[TASK OBJECTIVE] Please, without any pictures, set down exactly the part of the listing below that opens with the line containing "Трековый магнитный светильник" and closes with the line containing "Used 2019 Chevrolet".

[RECORDED DATA]
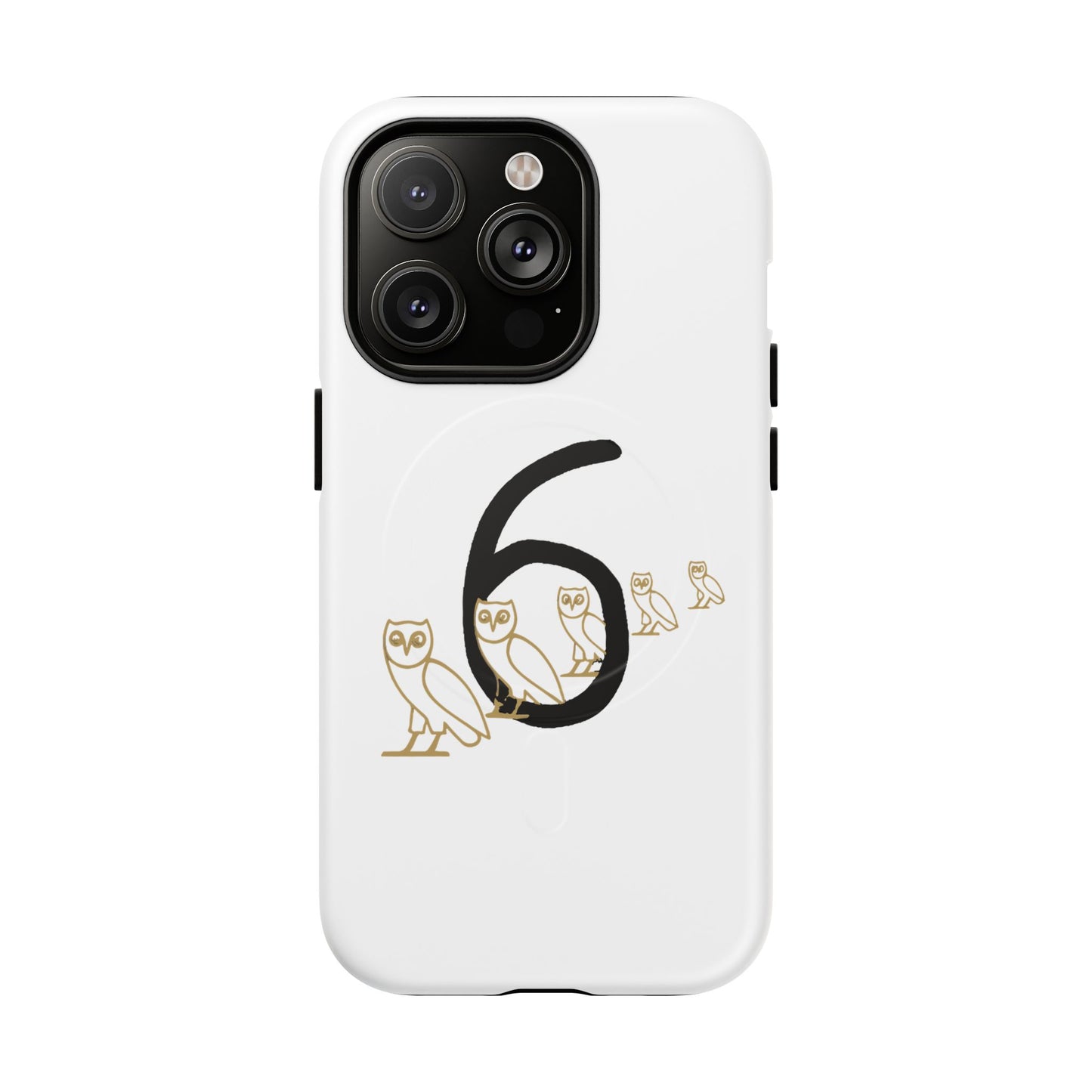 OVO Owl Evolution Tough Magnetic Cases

---

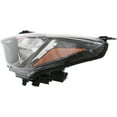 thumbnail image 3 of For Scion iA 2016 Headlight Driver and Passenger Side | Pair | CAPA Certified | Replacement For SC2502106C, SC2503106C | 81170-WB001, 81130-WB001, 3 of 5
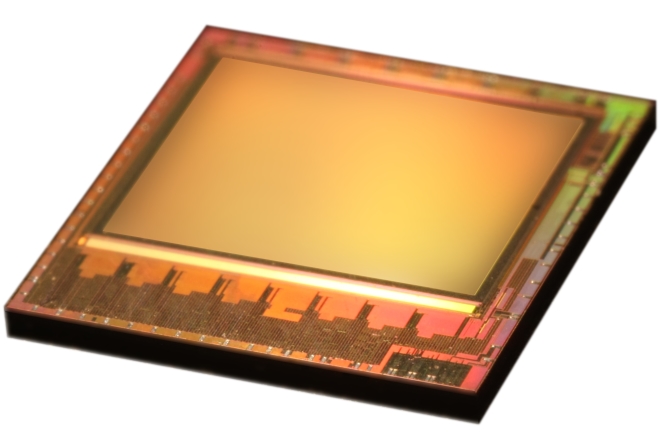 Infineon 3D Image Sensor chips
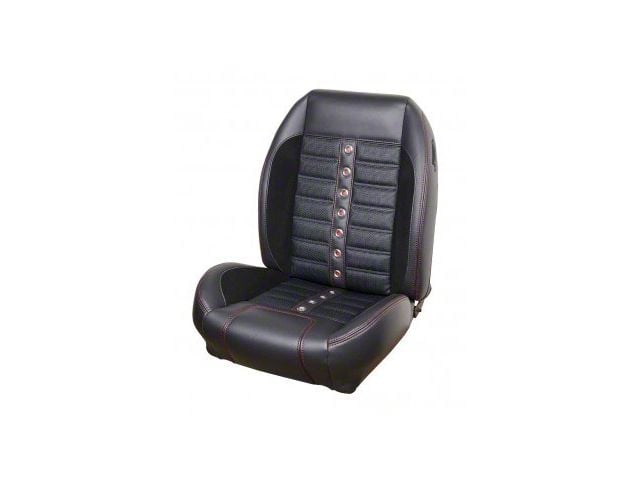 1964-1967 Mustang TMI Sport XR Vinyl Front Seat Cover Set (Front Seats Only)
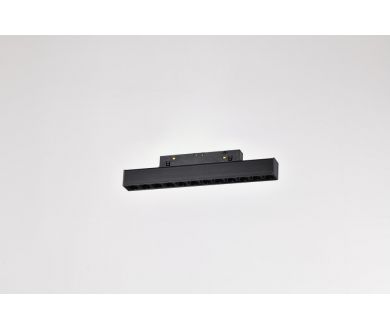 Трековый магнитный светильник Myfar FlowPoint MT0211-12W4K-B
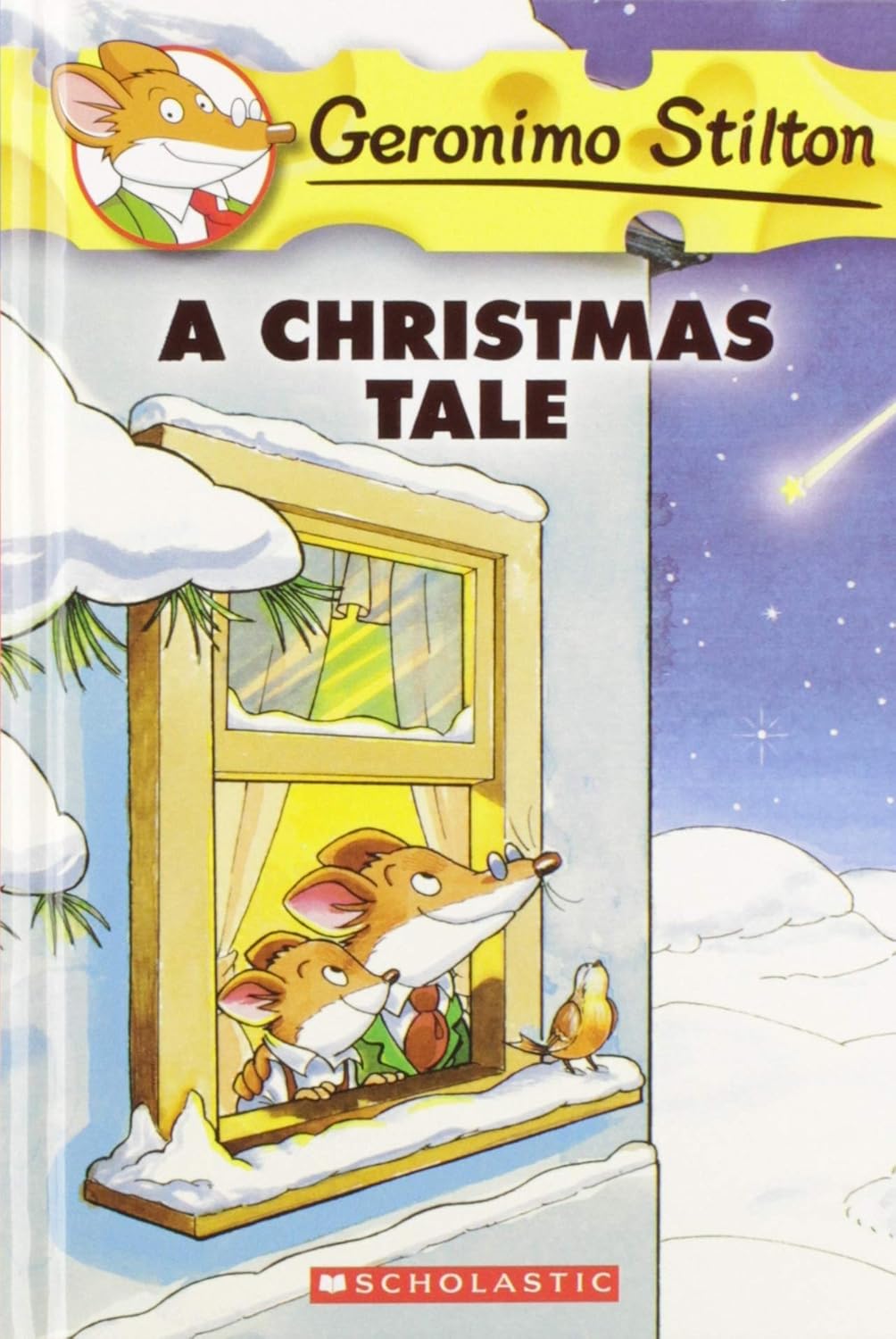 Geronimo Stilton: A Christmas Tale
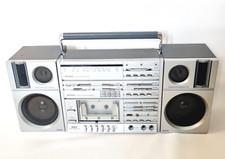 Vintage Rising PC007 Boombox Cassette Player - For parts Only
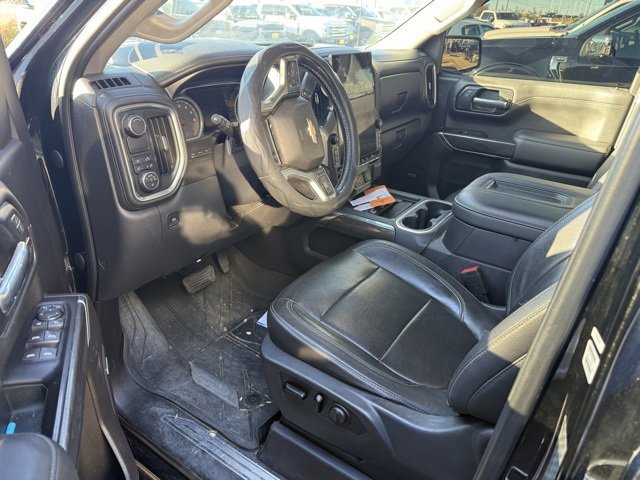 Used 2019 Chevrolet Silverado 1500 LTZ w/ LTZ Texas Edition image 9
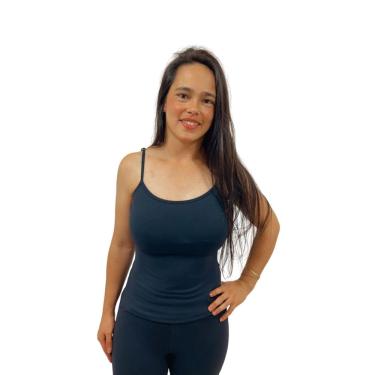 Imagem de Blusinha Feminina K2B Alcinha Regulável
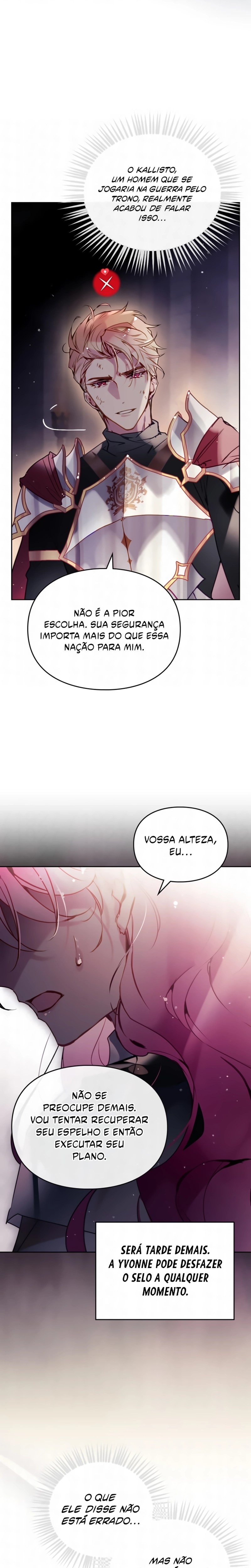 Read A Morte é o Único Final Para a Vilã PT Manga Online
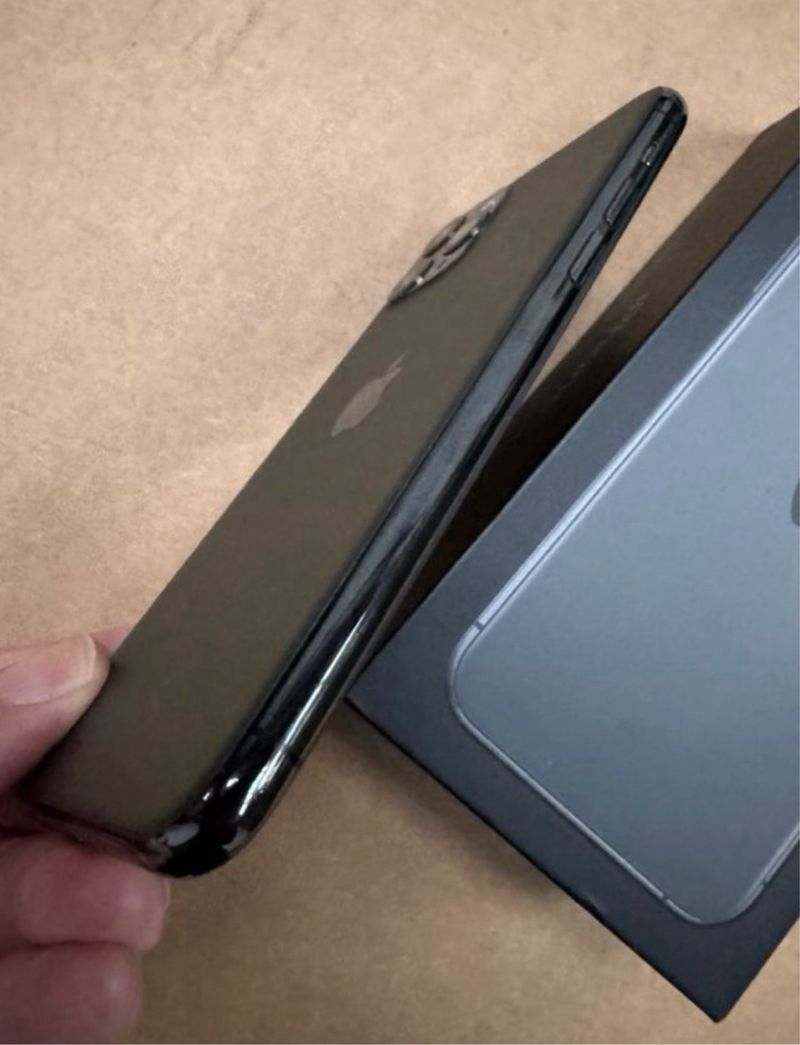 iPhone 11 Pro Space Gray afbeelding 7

[SOLUTION TO THIS TASK]
 Трековый магнитный светильник Myfar FlowPoint MT0211-12W4K-B
 Geronimo Stilton: A Christmas Tale
 Vintage Rising PC007 Boombox Cassette Player - For parts Only
 Used 2019 Chevrolet Silverado 1500 LTZ w/ LTZ Texas Edition image 9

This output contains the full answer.